Data Source: A cross-sectional retrospective chart study of 58 females aged 9–18 years with PCOS.
Disclosures: No funding sources or financial conflicts of interest were reported.
Polycystic ovary syndrome appears to be manifesting at younger ages than previously thought, a study has shown.
The disorder should be considered and a thorough work-up performed in prepubertal girls who have risk factors suggestive of PCOS, with attention given to hyperinsulinemia and early pubarche and thelarche, said Dr. Jason Bronstein and his associates at New York University.
In what they described as the largest pediatric PCOS study to date, the researchers found “a large subgroup of young PCOS girls with characteristic metabolic derangements at a younger age, suggesting a need for early therapeutic interventions.” Early onset of PCOS does not portend well for future complications such as infertility, metabolic syndrome, and vascular disease. Earlier recognition and treatment of PCOS might reduce morbidity in later adolescence and adulthood, they noted.
The researchers performed a retrospective, cross-sectional chart study of 58 patients from diverse ethnic backgrounds who attended two large, urban tertiary care centers and were diagnosed with PCOS between ages 9 and 18. Fifteen (26%) of these subjects were preadolescents aged 9–12, and 43 (74%) were adolescents aged 13–18 years.

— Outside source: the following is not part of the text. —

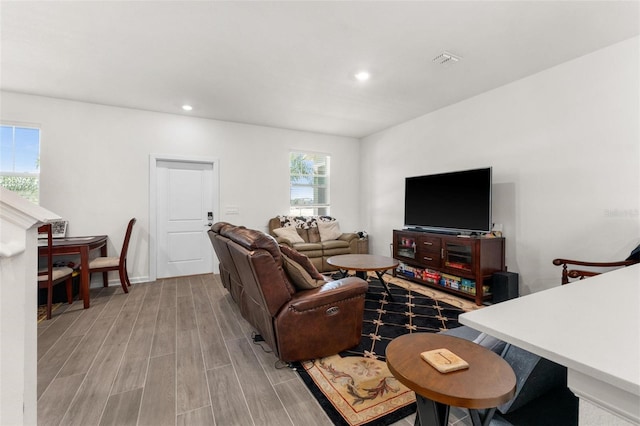 living room with light hardwood / wood-style floors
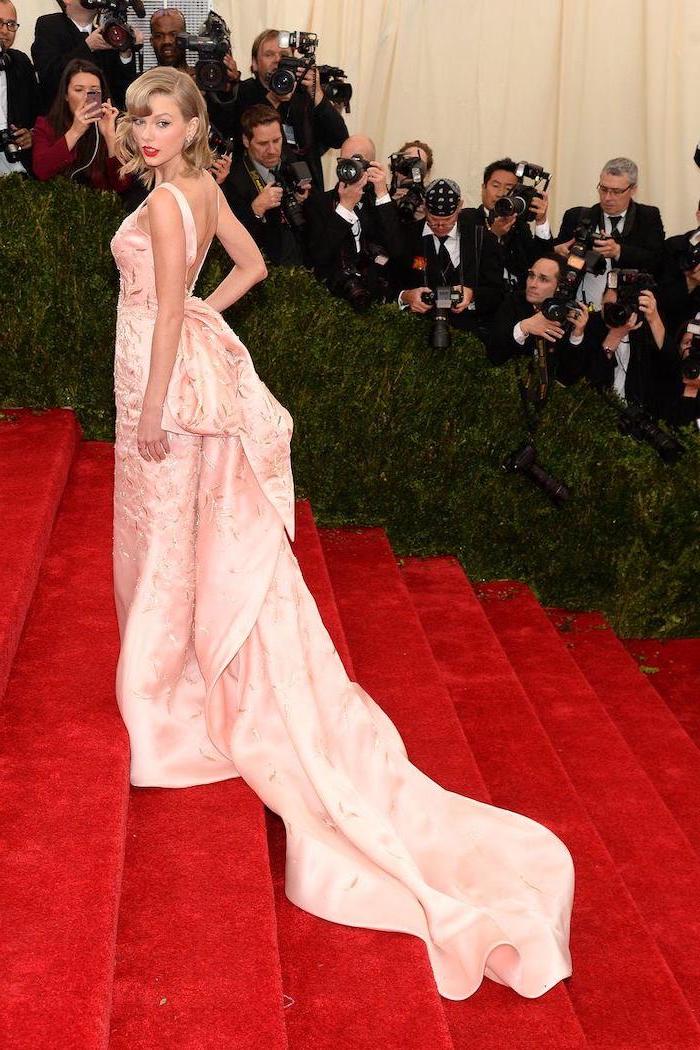 met costume institute, taylor swift, light pink dress, long train, large bow on the back, on the red carpet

The severity of PCOS was similar between preadolescents and adolescents. Hyperinsulinemia was present in similar proportions of both groups, indicating that metabolic derangement is already present in the youngest girls with PCOS.

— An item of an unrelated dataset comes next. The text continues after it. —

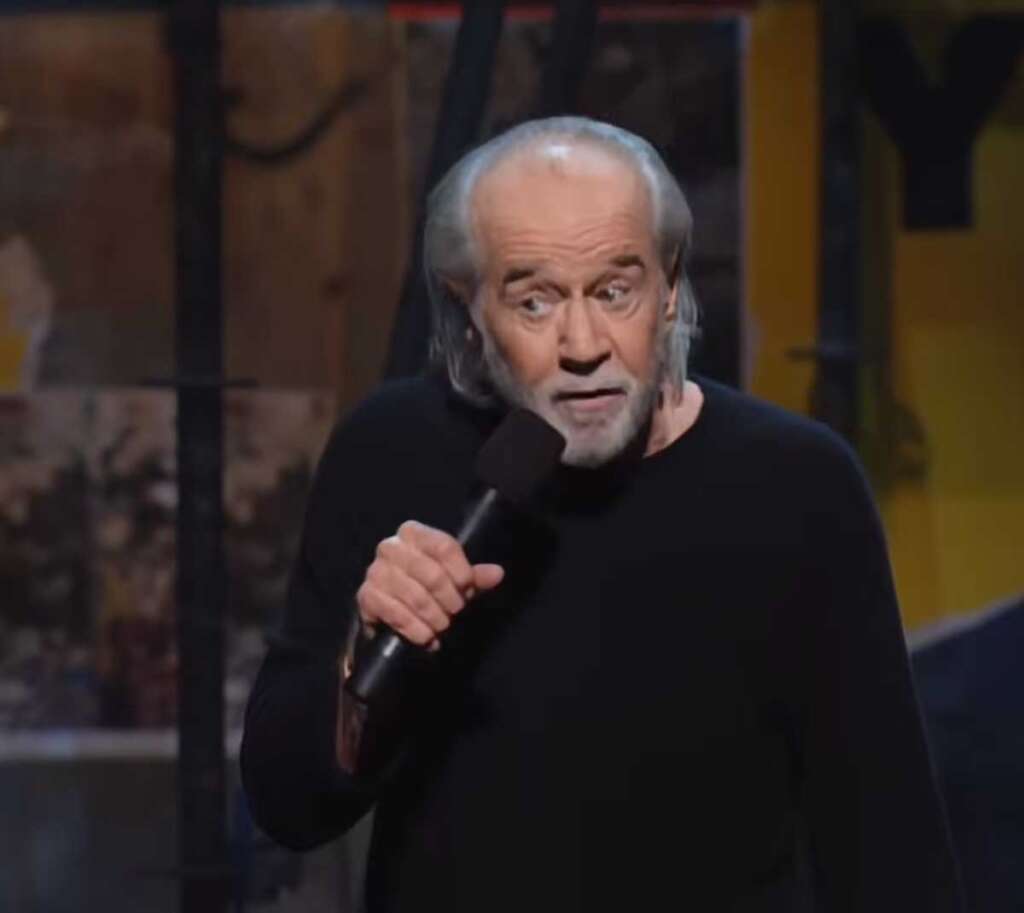 George Carlin looking sideways at the audience while doing standup in 2001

However, preadolescent girls were different in that they had significantly earlier pubarche and thelarche than did adolescent girls with PCOS, and the disorder developed much sooner after thelarche in the younger girls. Clinicians should look for early pubarche and thelarche in girls predisposed to PCOS, the investigators said (J. Pediatr. Adolesc. Gynecol. 2011;24:15-20).
The two groups also had similar risk factors. Mothers or other relatives had PCOS in approximately 14% of the study subjects, and there were no significant differences between preadolescents and adolescents in historical risk factors such as gestational age at birth, birth weight, childhood obesity, or family history of obesity, diabetes, or hypertension.

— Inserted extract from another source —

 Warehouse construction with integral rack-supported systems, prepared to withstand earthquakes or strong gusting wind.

There also were no differences between preadolescents and adolescents in clinical risk factors such as body mass index, acne, hirsutism, alopecia, or hyperandrogenism, and no differences in biochemical risk factors such as serum total testosterone and free testosterone levels, insulin resistance, HDL levels, triglyceride levels, or fasting glucose levels.
“Pediatricians need a high index of suspicion in order to diagnose PCOS in preadolescents. We recommend that pediatricians ascertain risk for PCOS in their patients, including maternal factors, family history, birth weight, metabolic factors, and history of premature pubarche and/or early thelarche,” Dr. Bronstein and his colleagues said.